• **RECORDS PROVIDED**

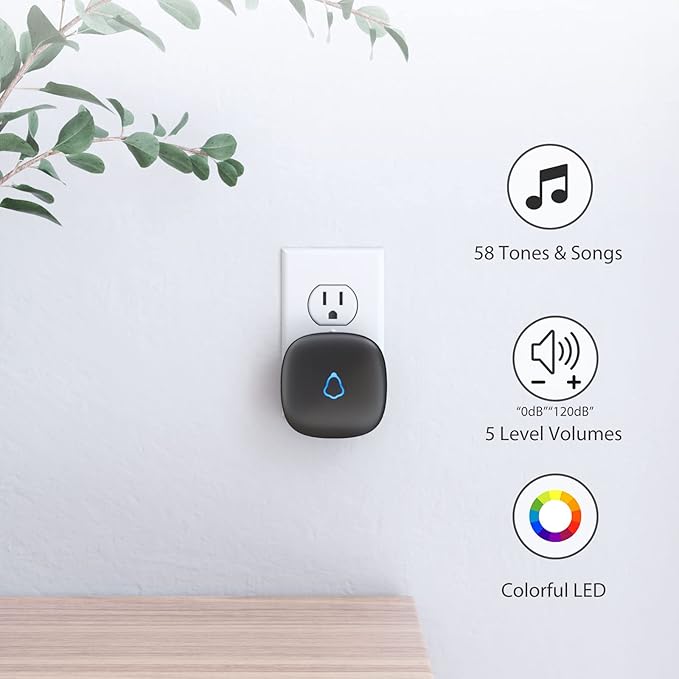 Door Chime, METAK Wireless Door Open Contact Sensor Alarm with 500 FT Range, 58 Chimes and 5 Volume Levels for Business/Store/Home/Office When Entering, 3 Transmitter + 1 Plug-in Receiver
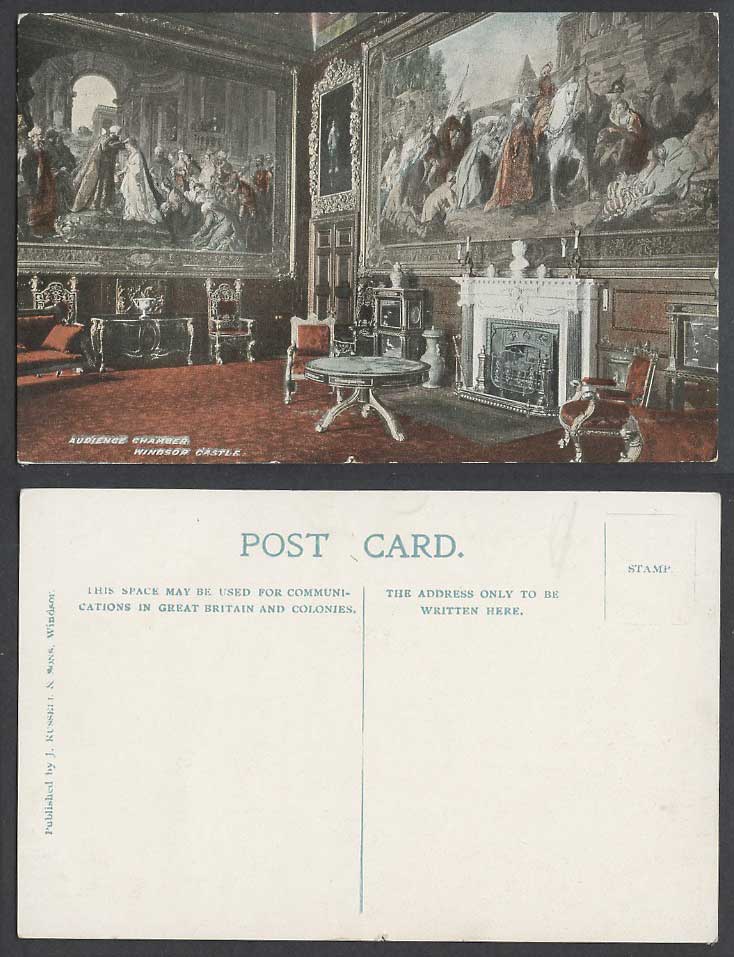 Windsor Castle Audience Chamber Berkshire Big Wall Paintings Old Colour Postcard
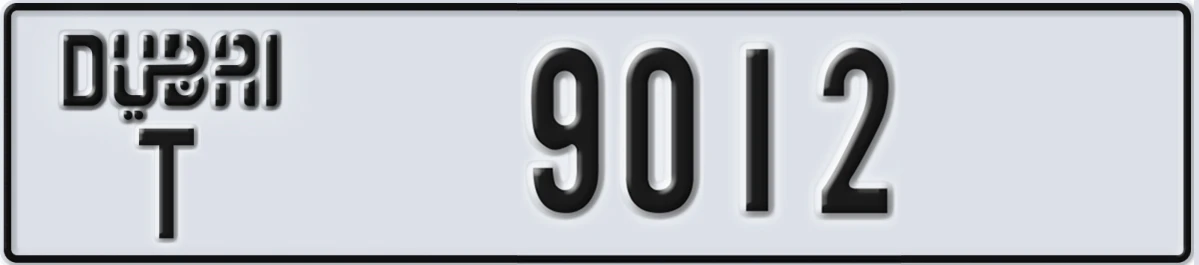 UAE License Plate Dubai T 9012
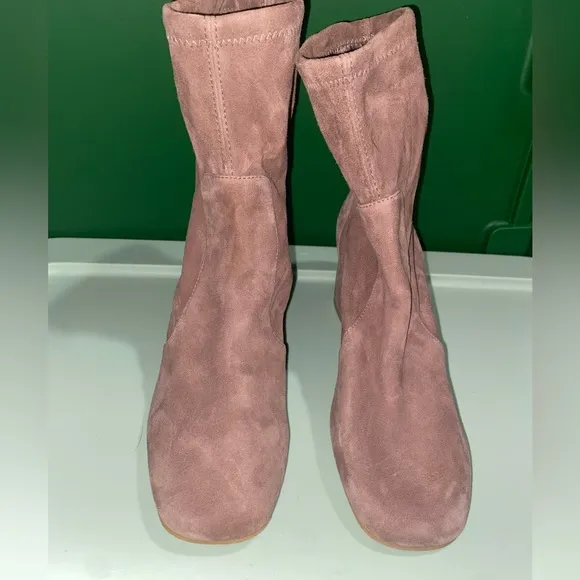 New Stuart Weitzman Women’s Yuliana‎ 60MM Block Heel Suede Ankle Boots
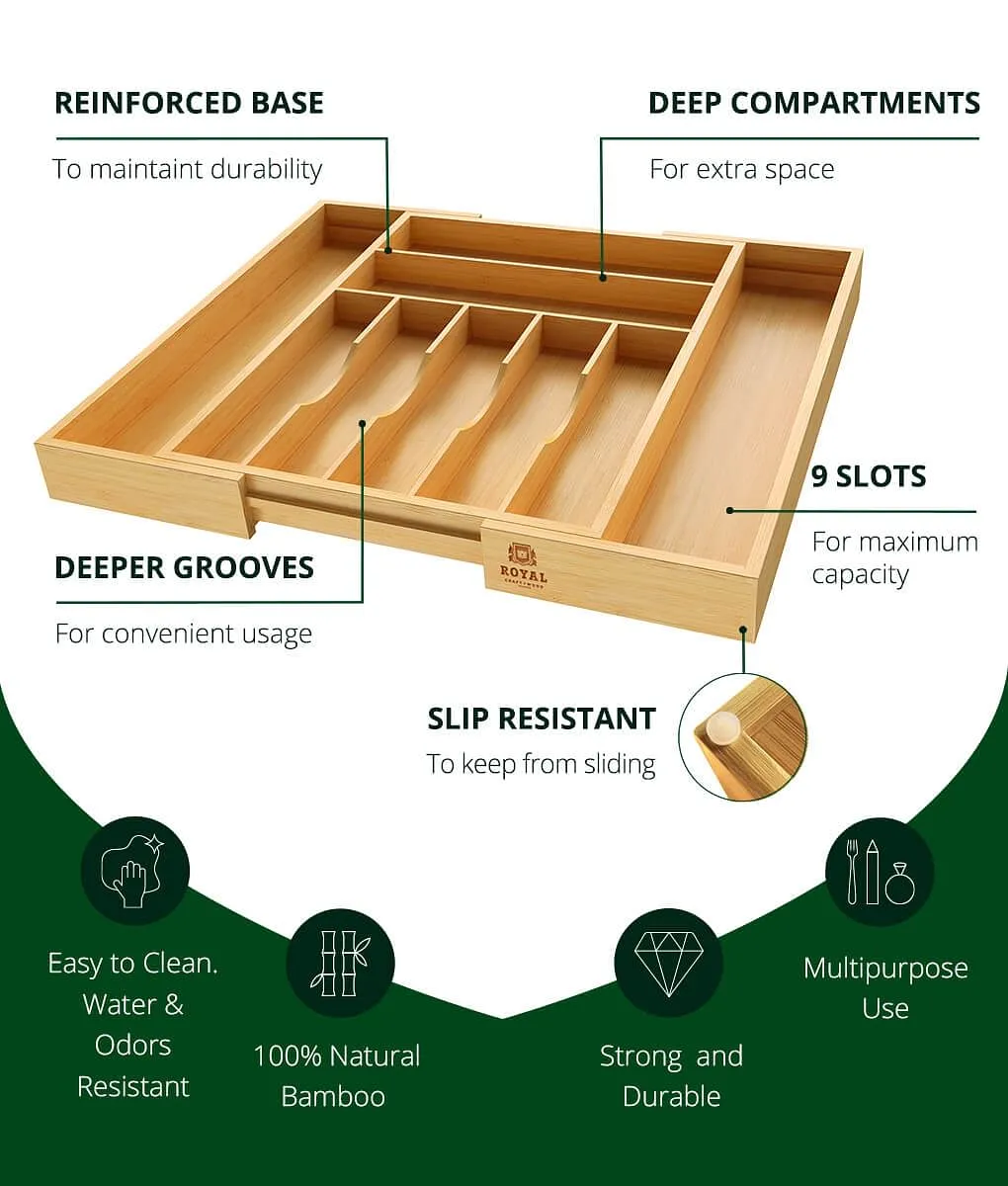 Royal Craft Wood Silverware Drawer Organizer 9 Slots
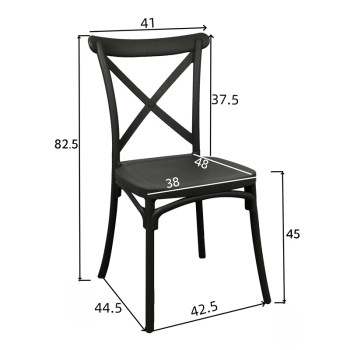Καρέκλα Crossie pakoworld στοιβαζόμενη pp σε απόχρωση cappucino 38x46.5x82εκ
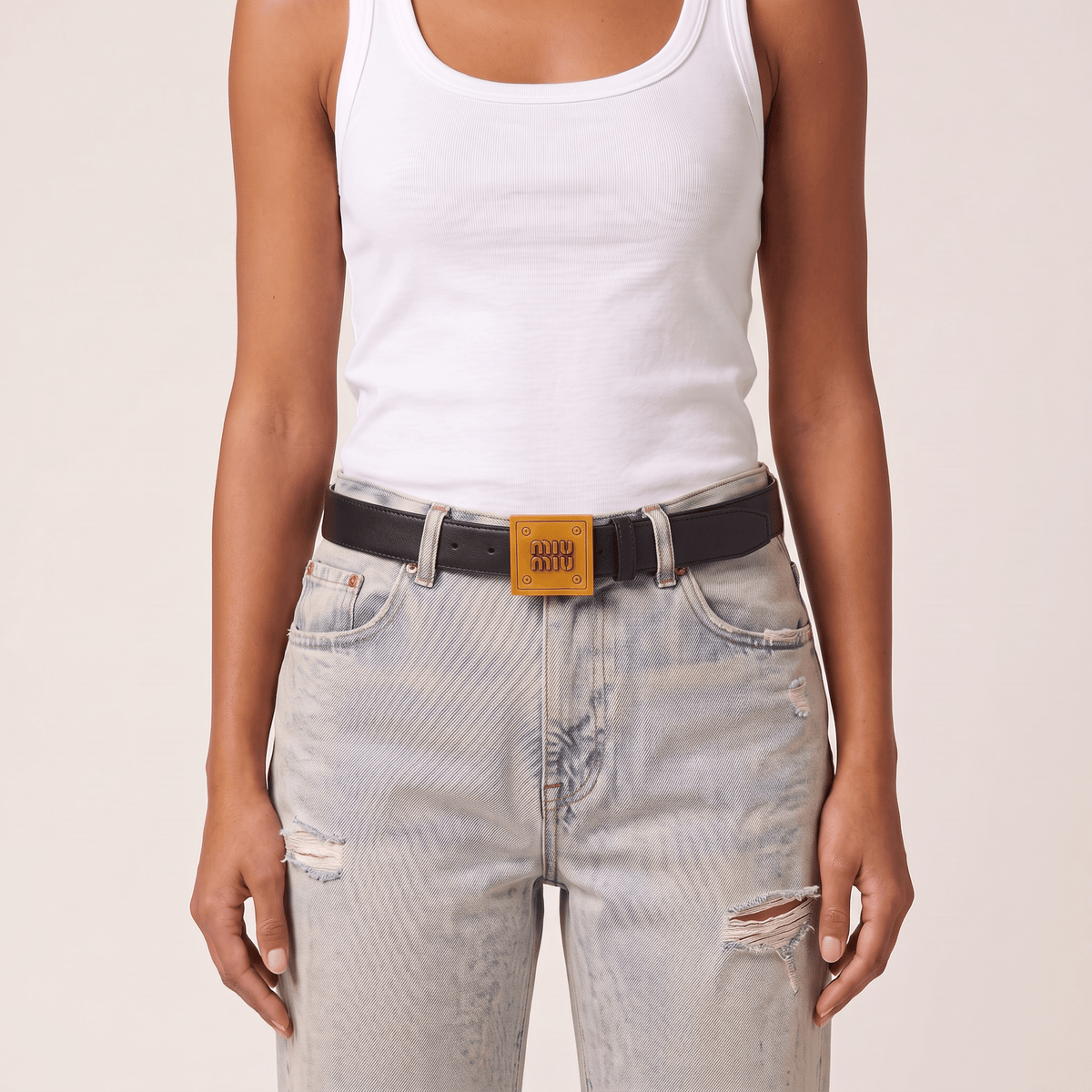 Miu Miu Classic Leather Belt — Black & Gold - MASTERPIECE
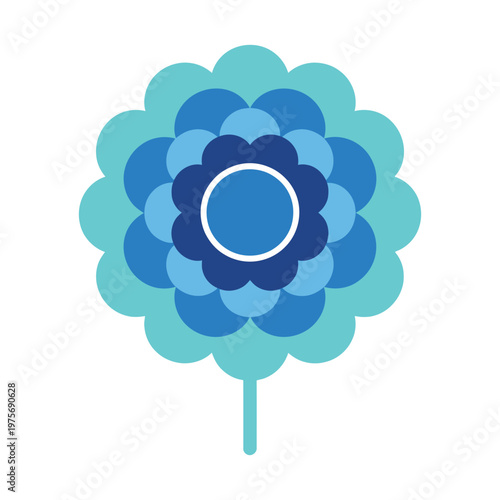Blue flower graphic with white circle center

• **ASSIGNMENT**
Verbatim transcription needed, from the opening line of the entries above through the line containing "UAE License Plate Dubai T 9012"; pictures do not belong in it.

• **ANSWER AREA**
 Door Chime, METAK Wireless Door Open Contact Sensor Alarm with 500 FT Range, 58 Chimes and 5 Volume Levels for Business/Store/Home/Office When Entering, 3 Transmitter + 1 Plug-in Receiver
 Windsor Castle Audience Chamber Berkshire Big Wall Paintings Old Colour Postcard
 UAE License Plate Dubai T 9012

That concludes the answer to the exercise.